EXERCISE DIRECTIONS: Your output should be exactly the lines from the one containing "Μάντσεστερ Γιουνάιτεντ: Τουρίστας..." through the final line of the following data, please, with no pictures.

%%

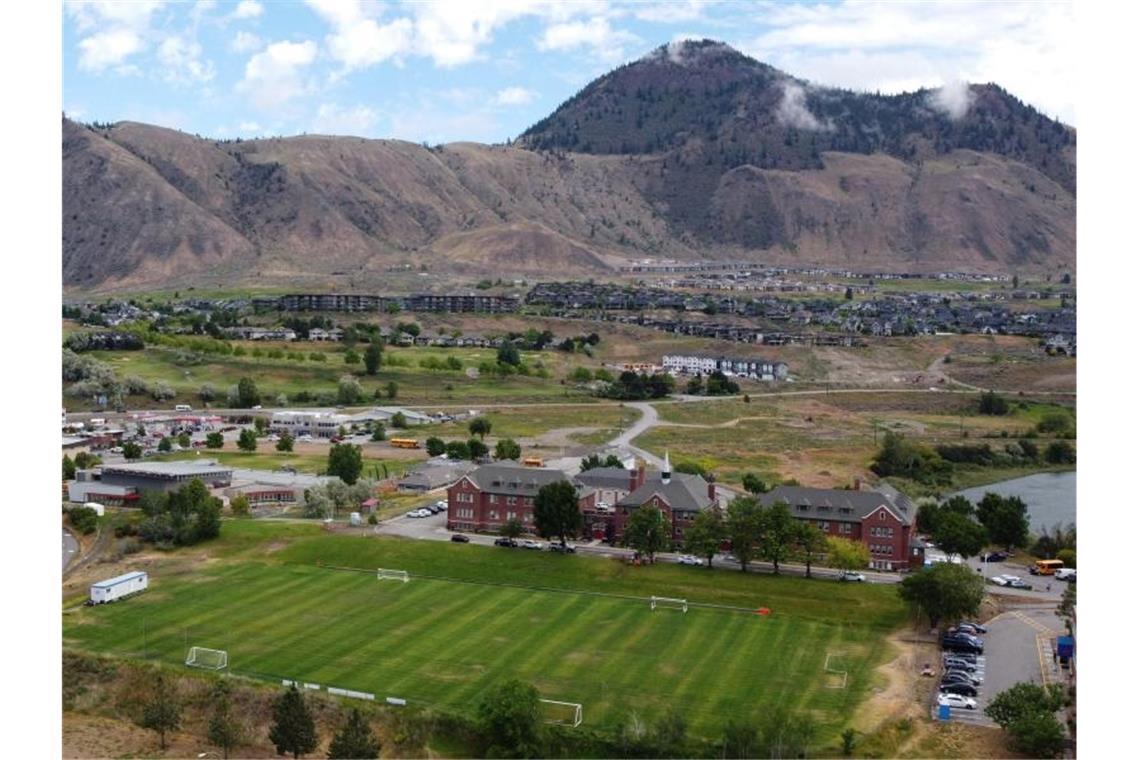 Blick auf die Kamloops Indian Residential School, ein ehemaliges Internat für Indigene. Hier war vor kurzem ein Massengrab mit Überresten von 215 Kindern entdeckt worden. Foto: Jonathan Hayward/The Canadian Press via ZUMA/dpa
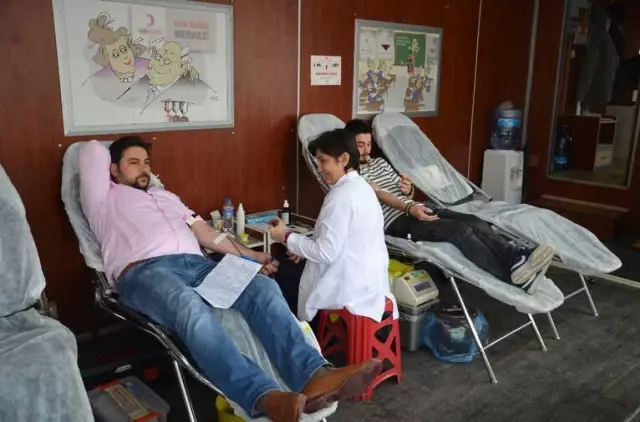 Kızılay Fatsa'da Kan Bağışı Topladı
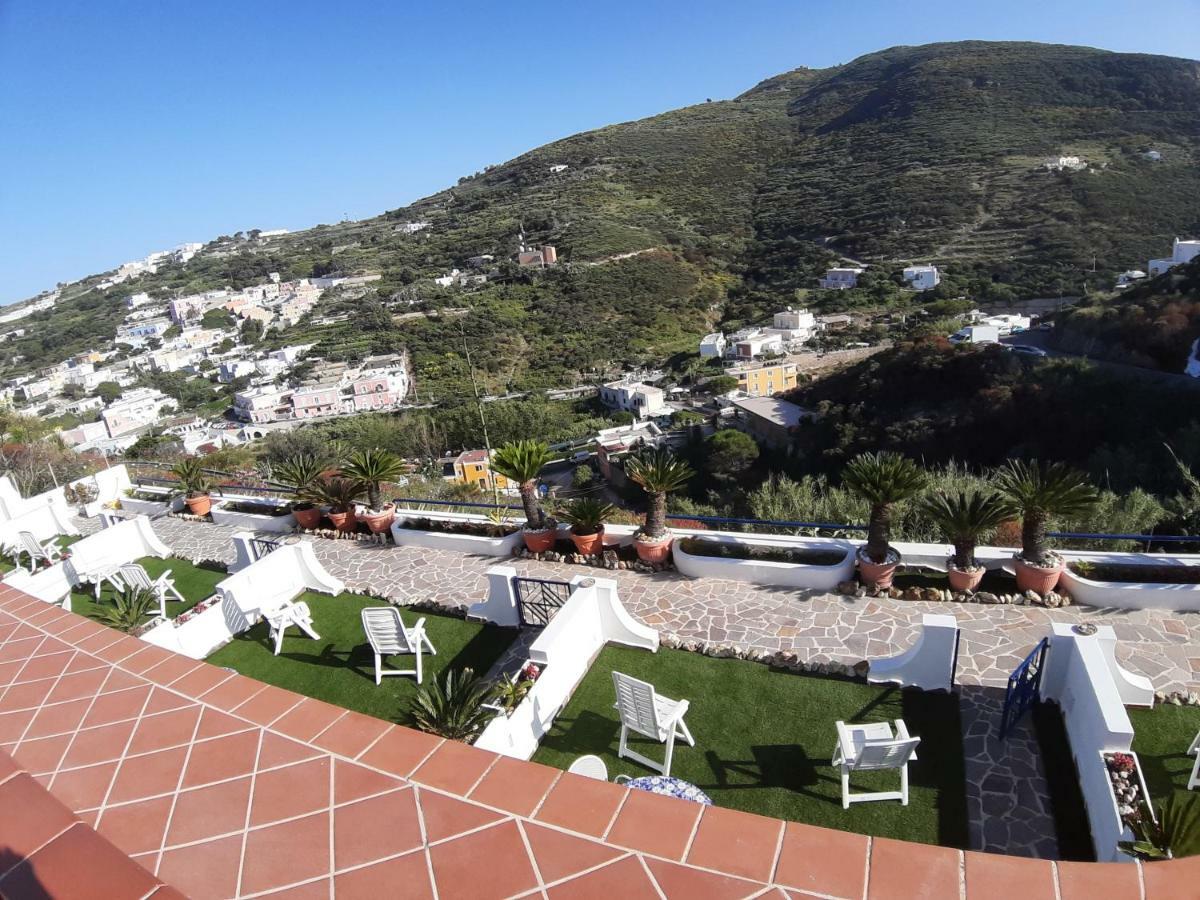 Villa Flavia - Adults Only Ponza Bagian luar foto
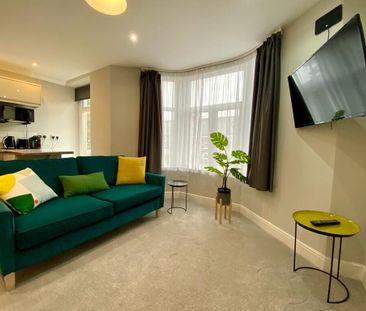 Cowbridge Road East, Cardiff - Photo 3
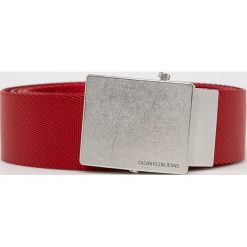 Calvin Klein Jeans - Pasek. Czerwone paski męskie Calvin Klein Jeans, w paski, z jeansu. W wyprzedaży za 139,90 zł.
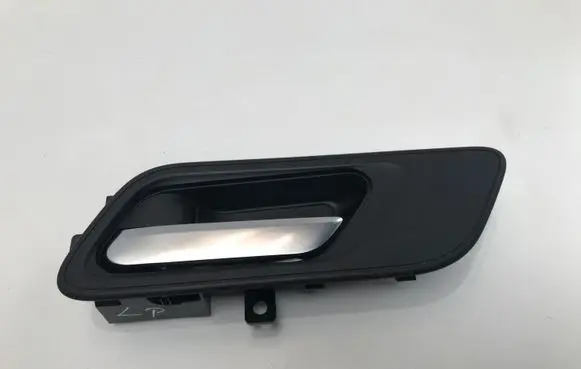 Nissan Qashqai J12 Front door interior handle 806836UA0D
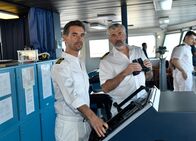 Das Traumschiff – Auf dem Weg zu den Bahamas: Kapitän Max Parger (Florian Silbereisen, l.) und Staff-Kapitän Martin Grimm (Daniel Morgenroth, r.)
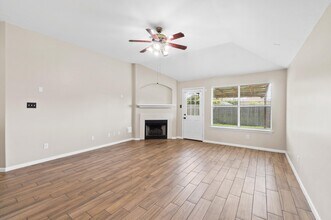 227 Mammoth Springs Ln in Dickinson, TX - Building Photo - Building Photo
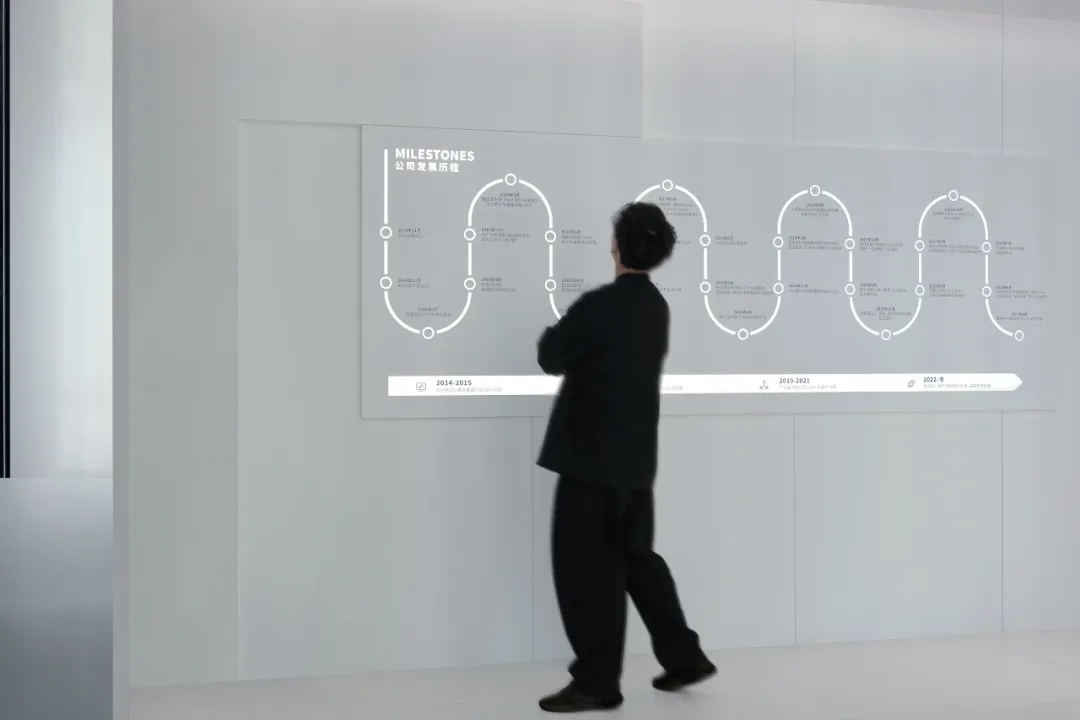 更符合年輕人喜好的法大大總部辦公室裝修設(shè)計方案(圖4) 更符合年輕人喜好的法大大總部辦公室裝修設(shè)計方案(圖4)
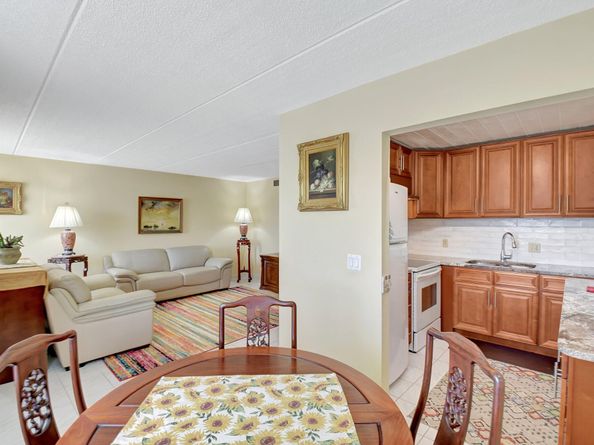 400 Village Green Circle W 212, Palm Springs FL 33461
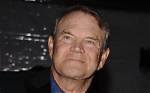 Legendary Country Singer Passes Away Unexpectedly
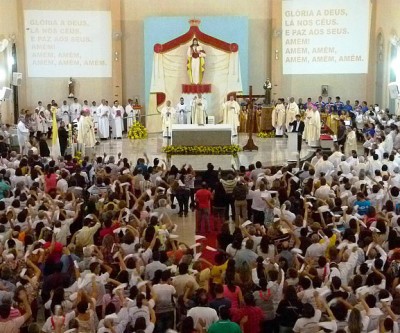 Missa de Posse Canônica de Dom Luiz Knupp reúne 2 mil católicos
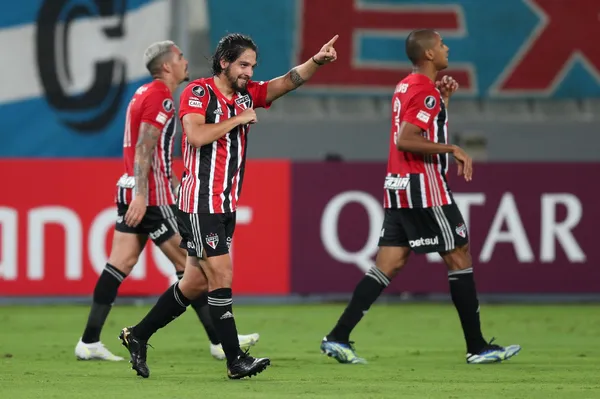 Tricolor faz confronto direto pela liderança do grupo E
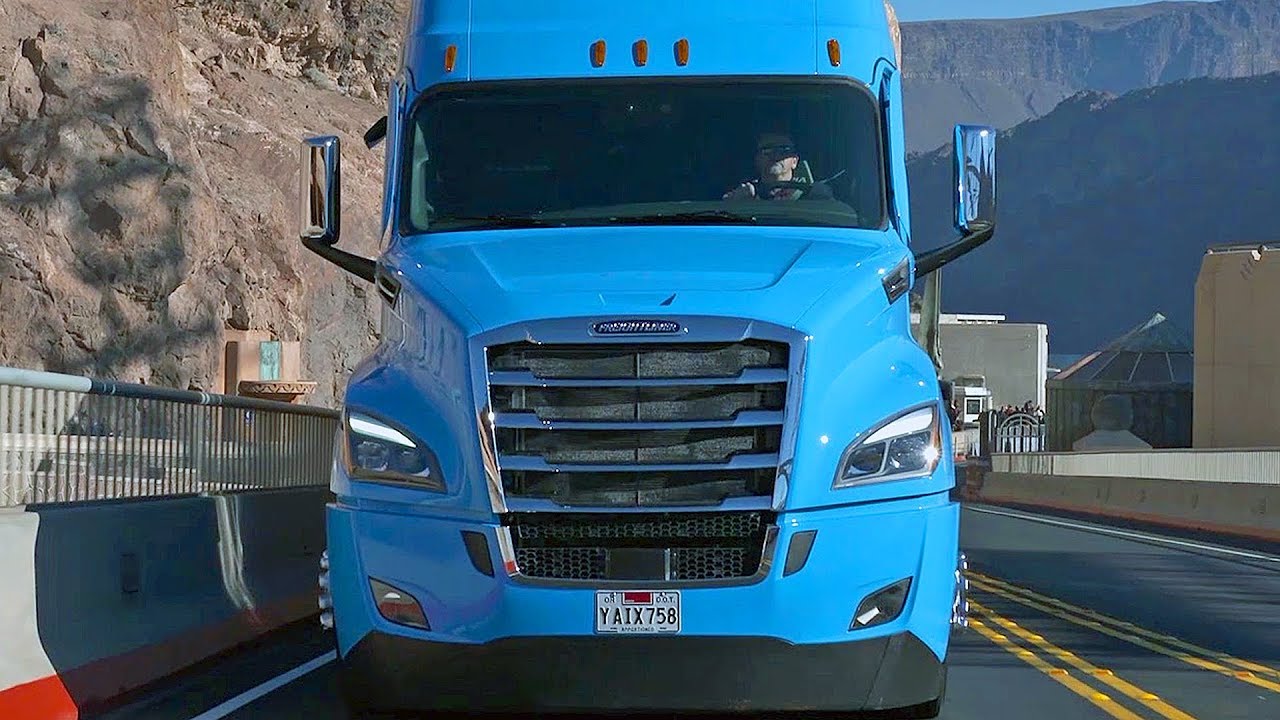 2020 Freightliner Cascadia 5 0 Automated Driving Features Demonstration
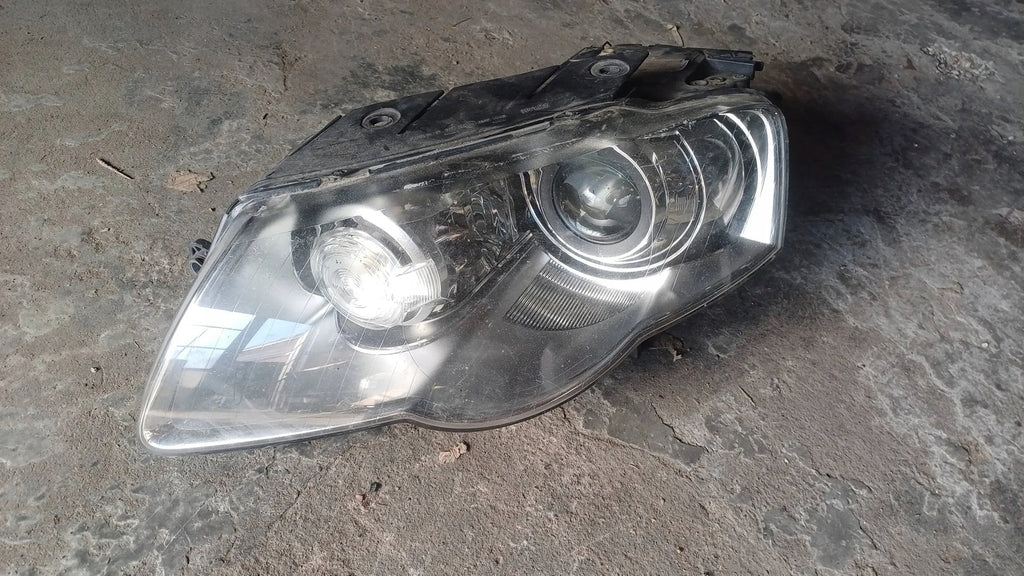 Frontscheinwerfer VW Passat 3C0941751G Vorderseite Scheinwerfer Headlight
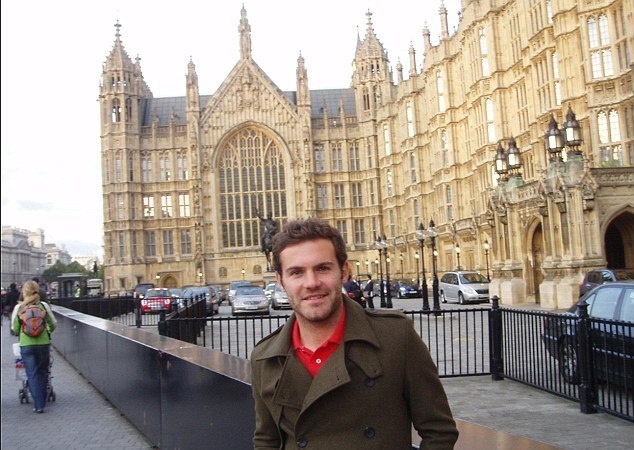 Μάντσεστερ Γιουνάιτεντ: Τουρίστας... ο Μάτα! (photos)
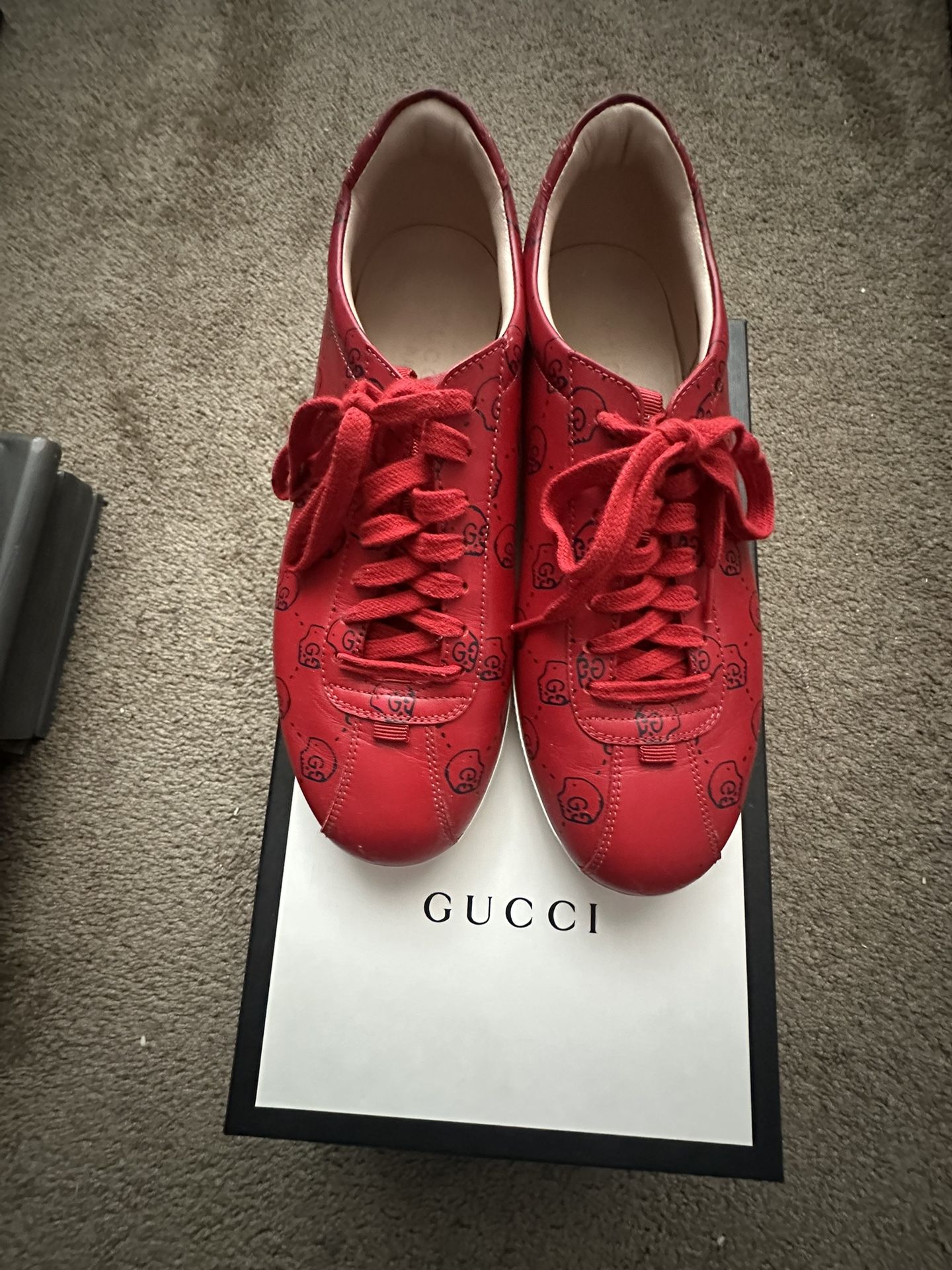 Authentic Gucci Men Shoes Size US 7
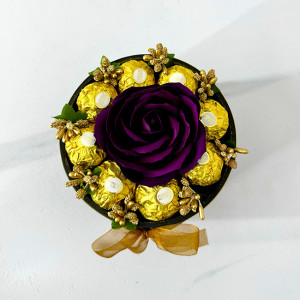 Aranjament floral Chocolate Rose cu un trandafir de sapun, stamine aurii si opt praline Ferrero Rocher, in cutie neagra cu catifea, Mov Burgundy 2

%%

ANSWER SPACE:
 Μάντσεστερ Γιουνάιτεντ: Τουρίστας... ο Μάτα! (photos)
 Authentic Gucci Men Shoes Size US 7
 Aranjament floral Chocolate Rose cu un trandafir de sapun, stamine aurii si opt praline Ferrero Rocher, in cutie neagra cu catifea, Mov Burgundy 2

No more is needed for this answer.